- [TASK DIRECTIONS]: From top to bottom, write out the listing exactly and skip every picture.

- [RECORDED INFORMATION]:
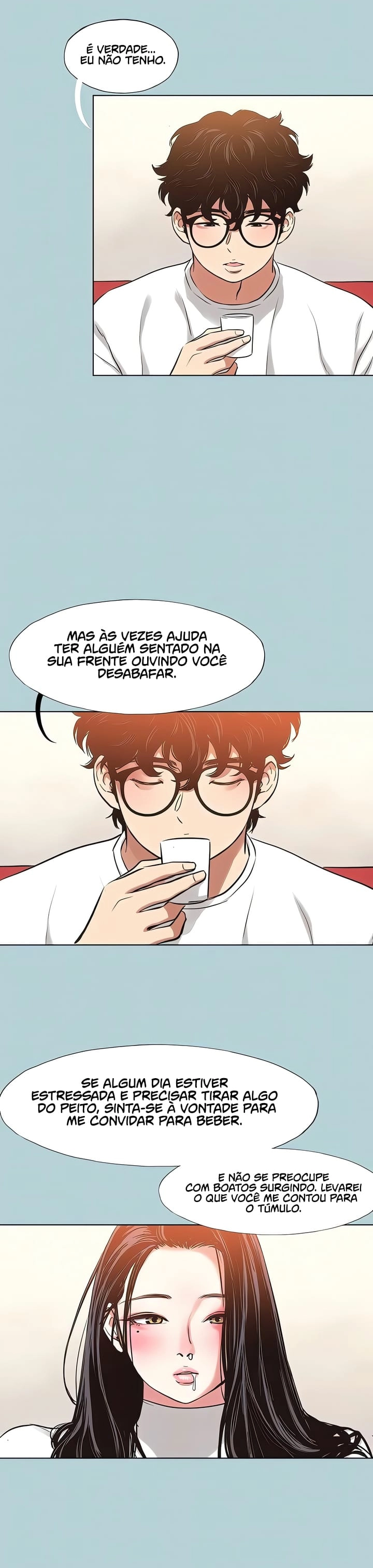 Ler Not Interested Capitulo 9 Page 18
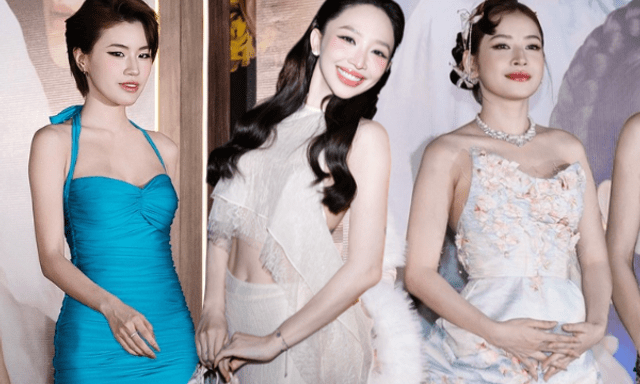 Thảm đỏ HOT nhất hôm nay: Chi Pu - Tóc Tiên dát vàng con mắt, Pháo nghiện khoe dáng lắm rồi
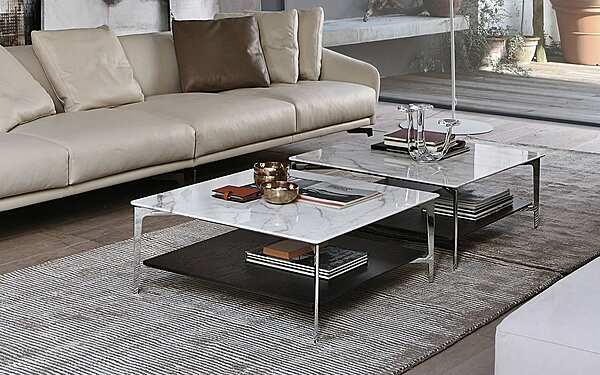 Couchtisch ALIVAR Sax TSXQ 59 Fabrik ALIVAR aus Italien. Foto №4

- [ANSWER TO THIS TASK]:
 Ler Not Interested Capitulo 9 Page 18
 Thảm đỏ HOT nhất hôm nay: Chi Pu - Tóc Tiên dát vàng con mắt, Pháo nghiện khoe dáng lắm rồi
 Couchtisch ALIVAR Sax TSXQ 59 Fabrik ALIVAR aus Italien. Foto №4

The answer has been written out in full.